Discussion in 'Critique Forum Archives' started by ClarkKent, Jun 14, 2005.
Twas a stormy night the other night. How did I do?
lightening is difficult to capture as im sure you know. what technique and settings did you use?
with this only being my second attempt, I have found out that it is very difficult to capture. What I did was set my camera's iso to 3200 and my shutter speed to 1/60 sec with the aperature wide open, then focus infinity. Then when I would see a flash in the sky...I would shoot away.
Try setting your iso to 100, your aperture to the biggest number and clicking and see what you get when the shutter closes
the photo itself is way to grainy and i think it would look better if you had some sort of background like a landscape or a skyline so to add interest
how is do you capture lightning? ive yet to try it but if i would i would set everything small (iso 100, f20) in order to get the longest shutter speed possible? is this correct in thinking or will the lightning not provide enough light to be seen in a 30 second exposure, im curious as to the best way to capture the lightning.

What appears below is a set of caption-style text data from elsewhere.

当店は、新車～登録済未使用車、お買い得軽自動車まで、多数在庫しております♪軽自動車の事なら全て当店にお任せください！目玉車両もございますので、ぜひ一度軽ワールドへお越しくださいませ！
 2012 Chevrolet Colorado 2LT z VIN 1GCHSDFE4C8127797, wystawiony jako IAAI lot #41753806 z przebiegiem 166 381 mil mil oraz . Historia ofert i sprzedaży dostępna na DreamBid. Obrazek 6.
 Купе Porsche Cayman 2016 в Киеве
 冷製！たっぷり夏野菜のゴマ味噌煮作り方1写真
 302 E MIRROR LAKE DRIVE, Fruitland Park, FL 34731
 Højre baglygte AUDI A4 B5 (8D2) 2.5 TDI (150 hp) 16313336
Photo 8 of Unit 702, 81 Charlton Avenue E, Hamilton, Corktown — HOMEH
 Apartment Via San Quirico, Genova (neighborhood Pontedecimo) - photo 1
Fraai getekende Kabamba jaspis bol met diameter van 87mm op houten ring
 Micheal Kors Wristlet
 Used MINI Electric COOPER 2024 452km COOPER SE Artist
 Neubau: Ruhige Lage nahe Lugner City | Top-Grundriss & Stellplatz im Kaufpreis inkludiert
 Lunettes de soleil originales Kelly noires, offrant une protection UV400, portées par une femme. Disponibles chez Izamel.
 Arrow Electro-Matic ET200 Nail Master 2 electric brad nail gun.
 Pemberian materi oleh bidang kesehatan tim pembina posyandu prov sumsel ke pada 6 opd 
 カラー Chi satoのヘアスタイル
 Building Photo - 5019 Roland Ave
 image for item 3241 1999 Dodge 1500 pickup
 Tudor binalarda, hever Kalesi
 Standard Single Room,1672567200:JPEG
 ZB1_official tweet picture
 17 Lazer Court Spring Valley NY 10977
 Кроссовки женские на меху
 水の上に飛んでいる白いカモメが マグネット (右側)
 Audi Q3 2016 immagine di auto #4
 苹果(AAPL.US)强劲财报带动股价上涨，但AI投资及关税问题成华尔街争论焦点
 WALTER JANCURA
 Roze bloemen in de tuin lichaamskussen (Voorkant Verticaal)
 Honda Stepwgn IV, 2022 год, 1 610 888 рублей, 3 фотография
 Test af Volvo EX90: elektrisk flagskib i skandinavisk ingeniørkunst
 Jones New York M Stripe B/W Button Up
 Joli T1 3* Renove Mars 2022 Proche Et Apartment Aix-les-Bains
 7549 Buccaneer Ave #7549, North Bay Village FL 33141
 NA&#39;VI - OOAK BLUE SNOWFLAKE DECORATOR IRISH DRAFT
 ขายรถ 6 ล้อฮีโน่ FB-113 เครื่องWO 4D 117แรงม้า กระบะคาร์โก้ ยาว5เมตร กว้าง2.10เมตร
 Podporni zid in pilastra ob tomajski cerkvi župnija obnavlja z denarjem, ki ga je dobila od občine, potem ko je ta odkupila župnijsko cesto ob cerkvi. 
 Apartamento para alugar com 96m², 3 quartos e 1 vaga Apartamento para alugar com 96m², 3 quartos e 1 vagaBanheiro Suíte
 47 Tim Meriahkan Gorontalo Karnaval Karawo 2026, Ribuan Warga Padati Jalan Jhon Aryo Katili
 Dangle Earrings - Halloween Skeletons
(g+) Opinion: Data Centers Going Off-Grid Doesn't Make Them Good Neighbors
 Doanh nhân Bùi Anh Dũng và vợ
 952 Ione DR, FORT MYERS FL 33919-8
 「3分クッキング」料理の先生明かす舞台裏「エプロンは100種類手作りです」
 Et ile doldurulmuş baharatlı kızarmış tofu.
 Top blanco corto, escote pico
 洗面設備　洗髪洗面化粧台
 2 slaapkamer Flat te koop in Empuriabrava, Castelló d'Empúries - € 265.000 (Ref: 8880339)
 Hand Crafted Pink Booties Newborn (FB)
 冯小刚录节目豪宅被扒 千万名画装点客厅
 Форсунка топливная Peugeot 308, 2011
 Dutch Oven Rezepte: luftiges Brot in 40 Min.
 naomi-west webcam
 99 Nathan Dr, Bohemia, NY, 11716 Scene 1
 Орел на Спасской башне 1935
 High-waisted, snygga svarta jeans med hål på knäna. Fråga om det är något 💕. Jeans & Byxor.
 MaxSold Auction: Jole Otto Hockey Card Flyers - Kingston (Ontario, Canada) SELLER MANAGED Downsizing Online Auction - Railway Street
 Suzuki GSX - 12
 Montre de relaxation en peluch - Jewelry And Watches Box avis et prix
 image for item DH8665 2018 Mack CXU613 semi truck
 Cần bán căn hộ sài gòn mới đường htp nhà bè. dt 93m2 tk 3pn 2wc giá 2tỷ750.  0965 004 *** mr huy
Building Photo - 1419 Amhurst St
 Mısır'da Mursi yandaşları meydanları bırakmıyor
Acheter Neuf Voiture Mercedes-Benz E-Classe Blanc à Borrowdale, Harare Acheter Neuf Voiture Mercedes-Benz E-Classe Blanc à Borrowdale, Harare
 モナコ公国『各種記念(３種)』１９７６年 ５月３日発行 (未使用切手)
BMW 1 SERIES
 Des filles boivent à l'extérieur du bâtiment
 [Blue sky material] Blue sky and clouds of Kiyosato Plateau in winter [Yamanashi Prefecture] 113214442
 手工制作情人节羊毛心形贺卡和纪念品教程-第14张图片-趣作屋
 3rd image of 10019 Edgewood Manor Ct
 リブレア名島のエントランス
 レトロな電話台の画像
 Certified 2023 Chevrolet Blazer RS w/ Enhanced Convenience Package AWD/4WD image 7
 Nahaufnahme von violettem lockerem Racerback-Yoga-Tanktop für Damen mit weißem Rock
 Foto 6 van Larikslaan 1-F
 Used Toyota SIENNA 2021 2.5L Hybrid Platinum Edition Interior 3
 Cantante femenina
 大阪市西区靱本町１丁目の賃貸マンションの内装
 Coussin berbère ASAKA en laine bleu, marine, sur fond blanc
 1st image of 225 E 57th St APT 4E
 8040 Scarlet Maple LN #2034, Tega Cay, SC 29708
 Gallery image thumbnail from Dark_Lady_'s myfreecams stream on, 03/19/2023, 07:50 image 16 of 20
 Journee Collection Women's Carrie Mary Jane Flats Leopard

I've used f/16 with 400 and got some OK results with 30 second exposures. They were overexposed and didn't convey the night atmosphere, I think 100 would work better.
EDIT: I did and search and found a great post on it here
Typically I use ISO 200 - F8 and whatever shutter speed is indicated
at night you can go 30s or bulb mode and keep it open for up to 5min
if lightning strikes while the shutter i open - Bingo
otherwise try again.
obviously this is assuming the use of a very sturdy tripod
in day time you are limited by when your photo will overexpose by the ambient light. then F22 will iso 100 , will give you a longer shutter speed. but even then you will be lucky to get 2sec shutter speeds.
to try and wait ofr lightning and th click away does not always work. I am quite surprised to see the shot you have there.
PS - one of my own
ISO 200 - F22 - 30s Canon EOS 30 (film body)
OOooo...that pretty cool. This was only my second attempt, in total darkness. I have some during the day with the settings that you say that will work. However, during the night, using those settings, I have had some major problems with over exposure. But nonetheless...very good tips and I will be sure to give them a try.
Glad you like the pic.
Bear in mind , I'm shooting film. Not sure how a DSLR will react to the setup as I described it. Maybe some of the other DSLR users can comment on that.
I am now living in an area that has very few lightning spells per year so I can't play as often as I used too.
Do you play with star trials ??? , wonder how DSLR will cope with that ??
I think its not a bad start. I agree that maybe there should be something to show the eyes what scale the lightning was at and also give some sense of the surroundings. You got the right idea, but I do agree low ISO and wide open shutter is the way to be. Look forward to more from ya.